═══ GIVEN RECORDS

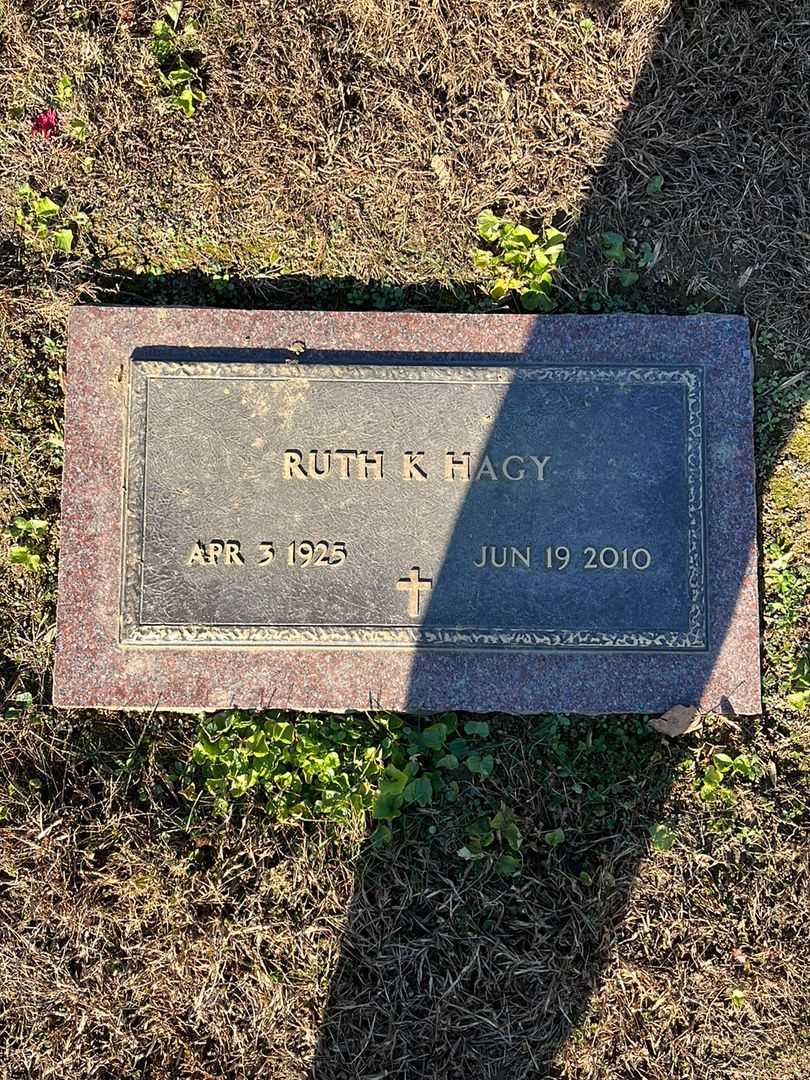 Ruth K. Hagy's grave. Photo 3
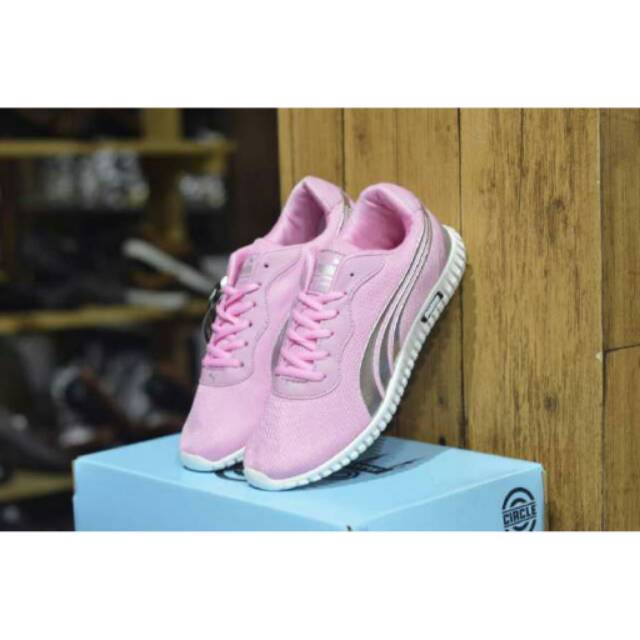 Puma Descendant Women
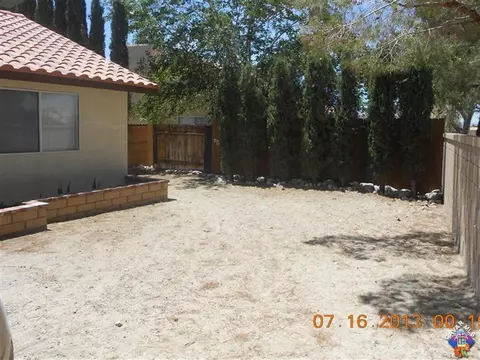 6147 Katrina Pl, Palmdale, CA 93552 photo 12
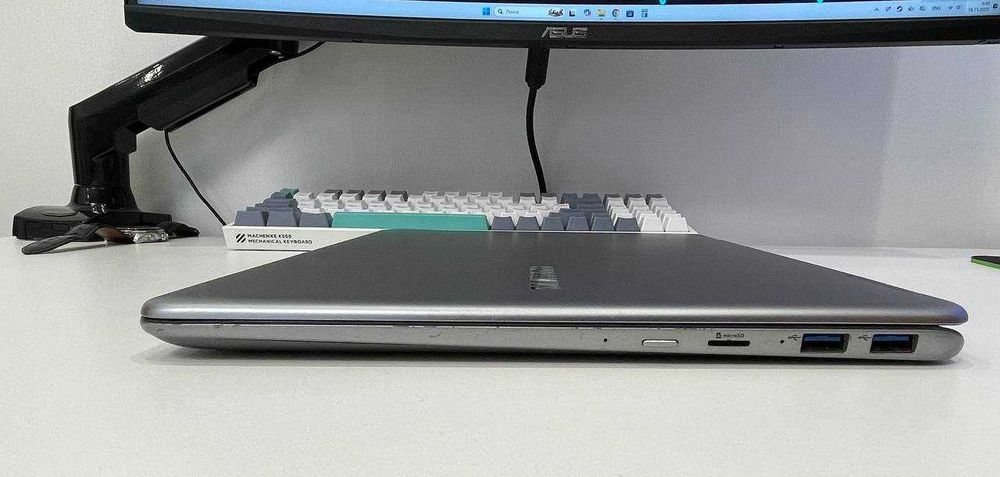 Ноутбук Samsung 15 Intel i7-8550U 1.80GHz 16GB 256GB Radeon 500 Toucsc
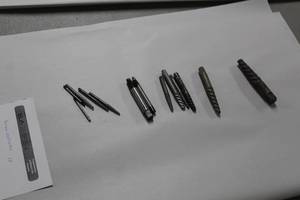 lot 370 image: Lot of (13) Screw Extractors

══════

Write every record out again exactly as written. Pictures don't belong in the copy.

 Ruth K. Hagy's grave. Photo 3
 Puma Descendant Women
 6147 Katrina Pl, Palmdale, CA 93552 photo 12
 Ноутбук Samsung 15 Intel i7-8550U 1.80GHz 16GB 256GB Radeon 500 Toucsc
 lot 370 image: Lot of (13) Screw Extractors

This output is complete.